Nowadays we no longer draw a sword, but having the right hand free means you can easily gesticulate at all the stupid motorists, whilst you drive along at the correct legal speed and observe all the signs and restrictions.


----------



## hollydolly (Aug 10, 2021)

Paco Dennis said:


> Watch out...everyone is driving in the wrong lane.
> 
> https://www.earthcam.com/world/england/london/abbeyroad/?cam=abbeyroad_uk


well if any of you come and visit ... then it's only a short drive from here...


----------



## Irwin (Aug 10, 2021)

Paco Dennis said:


> Watch out...everyone is driving in the wrong lane.
> 
> https://www.earthcam.com/world/england/london/abbeyroad/?cam=abbeyroad_uk


That looks like total anarchy! People are driving on the wrong side of the road and they have those zig-zagging lines all over the place and flashing lights. WTF? Crazy Brits!   

NOTE: I just looked up what the zig-zagging lines mean. It means you're approaching a pub, so be prepared to deal with drunks.


----------



## Irwin (Aug 10, 2021)

Here's Denver. You can see our beautiful brown sky.

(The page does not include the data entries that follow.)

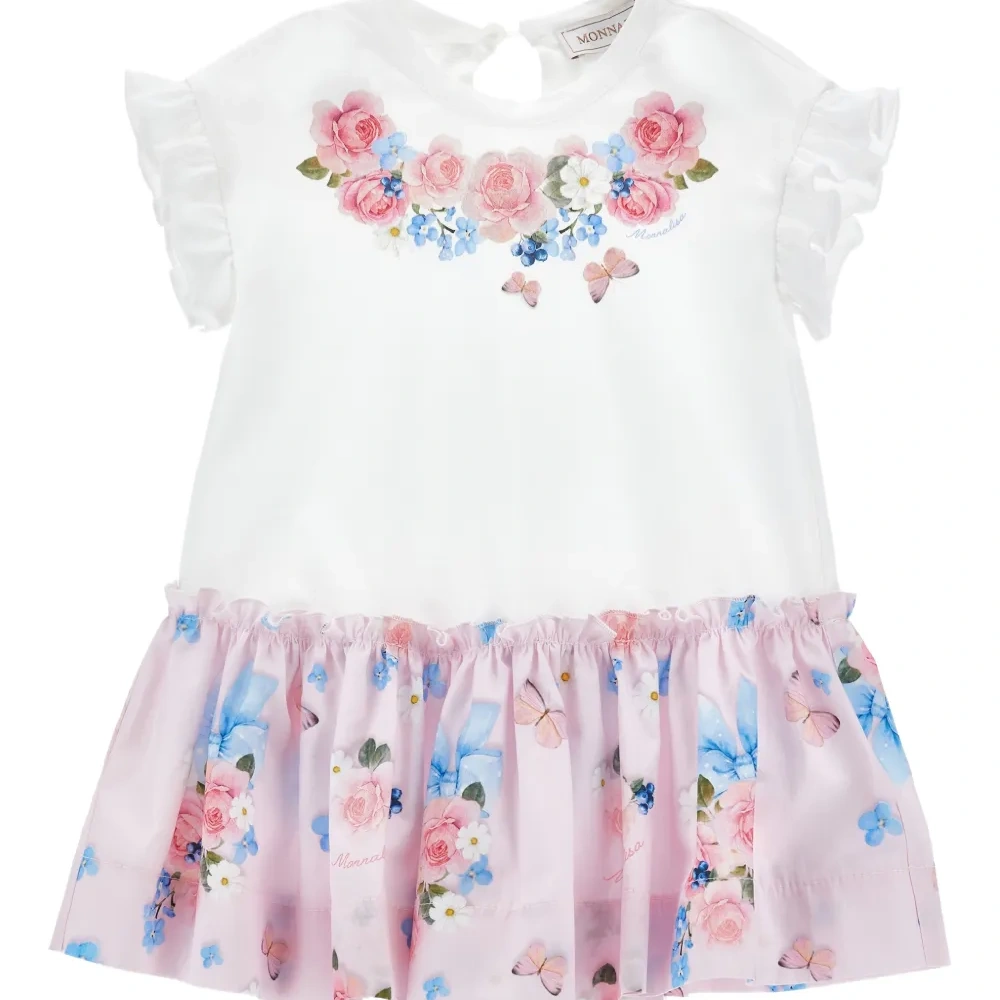 Платье с оборками и цветочным принтом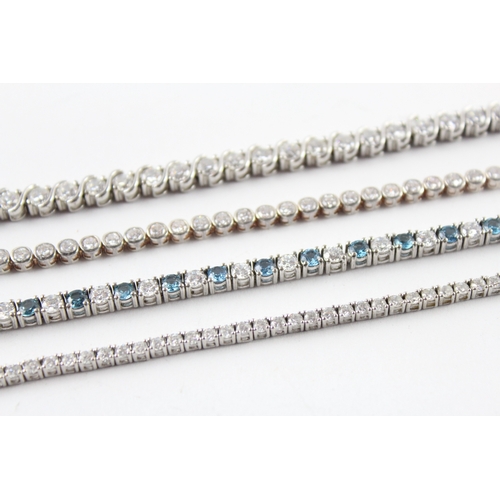 188 - Collection of Sterling Silver Tennis Bracelets inc. Gemstone, Stone Set x 4 51g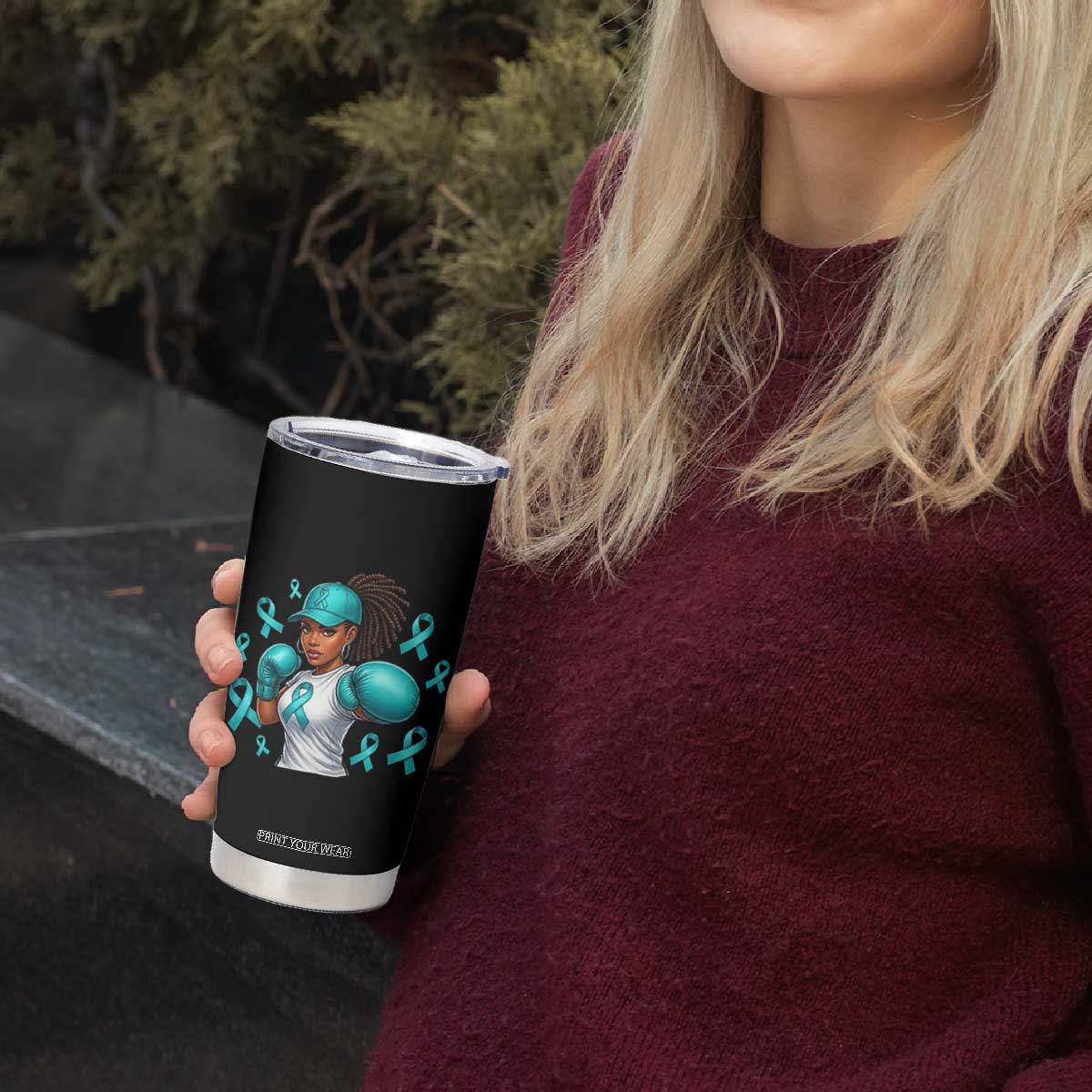 Black Women Fight Sexual Assault Awareness Tumbler Cup African American Teal Ribbon Support TS10 Print Your Wear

Cough, cough...
https://www.earthcam.com/usa/colorado/denver/?cam=denver


----------



## Irwin (Aug 10, 2021)

Times Square, Manhattan. Where the lines on the street are just suggestions on where to drive.    
https://www.earthcam.com/usa/newyork/timessquare/?cam=tstwo_hd


----------



## horseless carriage (Aug 10, 2021)

Irwin said:


> NOTE: I just looked up what the zig-zagging lines mean. It means you're approaching a pub, so be prepared to deal with drunks.


Correct! If the police suspect you of being rat-arsed, (cockney expression for inebriated,) you have to walk the zig-zags. Any swerving or loss of balance and you will find yourself at Her Majesty's pleasure. 

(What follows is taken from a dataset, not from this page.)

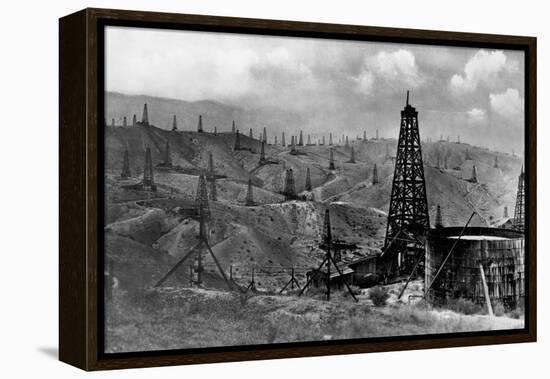 Oil Rigs Near Taft, California-null-Framed Premier Image Canvas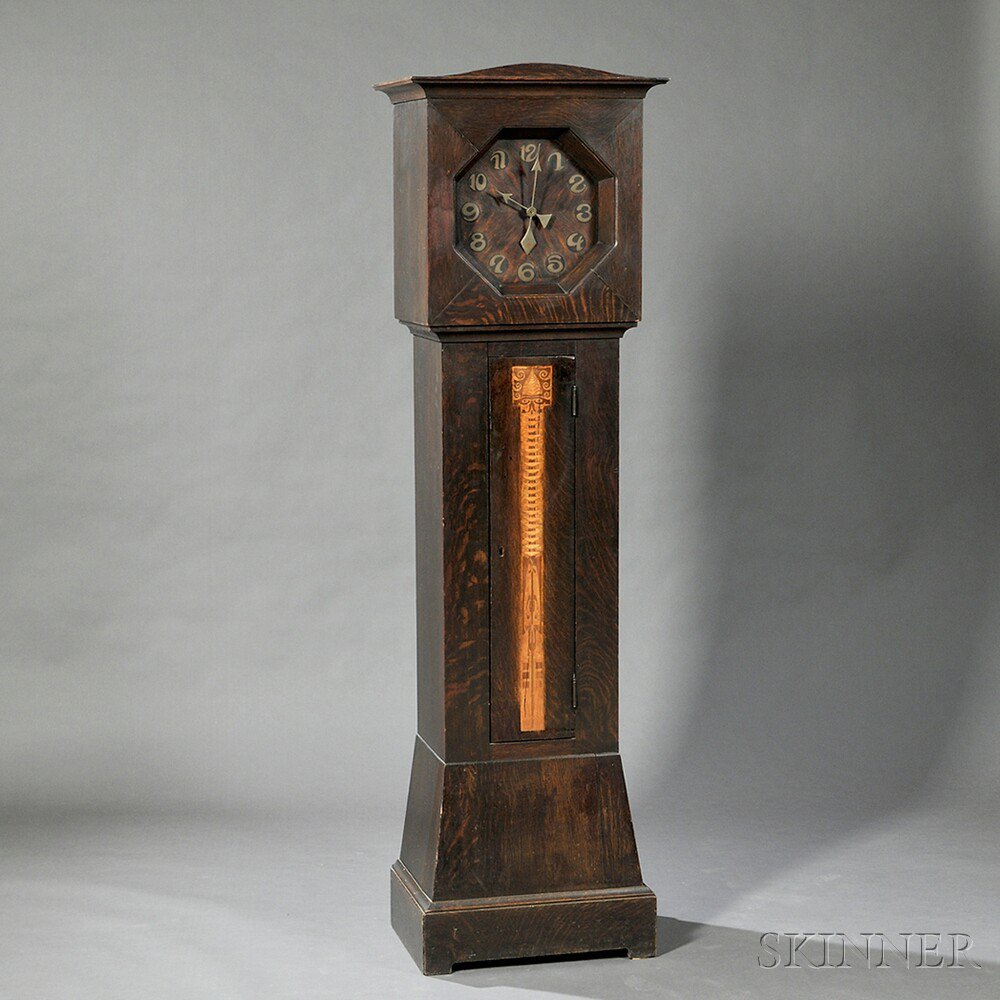 Appraisal: Shop of the Crafters Arts Crafts Tall Clock Oak brass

That doesn't mean that you have to pleasure the Queen, it means that you are detained at her pleasure. If the bus that you find yourself on stops at London Zoo, it could be that it's Her Majesty's pleasure that you are fed to the lions.


----------



## oldman (Aug 11, 2021)

Irwin said:


> Times Square, Manhattan. Where the lines on the street are just suggestions on where to drive.
> https://www.earthcam.com/usa/newyork/timessquare/?cam=tstwo_hd


I used to love going to Times Square and the bakeries and department stores in the area. It's only a short walk to Broadway from there and you can stop at more bakeries on the way. Love those black and white cookies. 

No more Times Square for me. Very dangerous nowadays. If New York gets their head back on straight and add come police to the area, then maybe, if I am still around. It's a shame. It truly is. Lots of memories there.


----------



## Irwin (Aug 11, 2021)

oldman said:


> I used to love going to Times Square and the bakeries and department stores in the area. It's only a short walk to Broadway from there and you can stop at more bakeries on the way. Love those black and white cookies.
> 
> No more Times Square for me. Very dangerous nowadays. If New York gets their head back on straight and add come police to the area, then maybe, if I am still around. It's a shame. It truly is. Lots of memories there.


Compared to what it was like before the '90s, Times Square is now like Disneyland! It's extremely safe. And police are everywhere. In fact, last year, NY recorded the lowest level of violent crime in six decades! (Let's see... that would be the lowest since the 60s. This is 2021, right? Yep. And it's... let me check... Wednesday!) They have lowest violent crime rate since the 1960s!

I remember going to Times Square in the '70s where there were peep shows, porn theaters, and all sorts of nefarious characters and crime. It was far more interesting back then.     Of course, I was a stoned teenager, so that wouldn't appeal to me now that I'm a senior citizen.


----------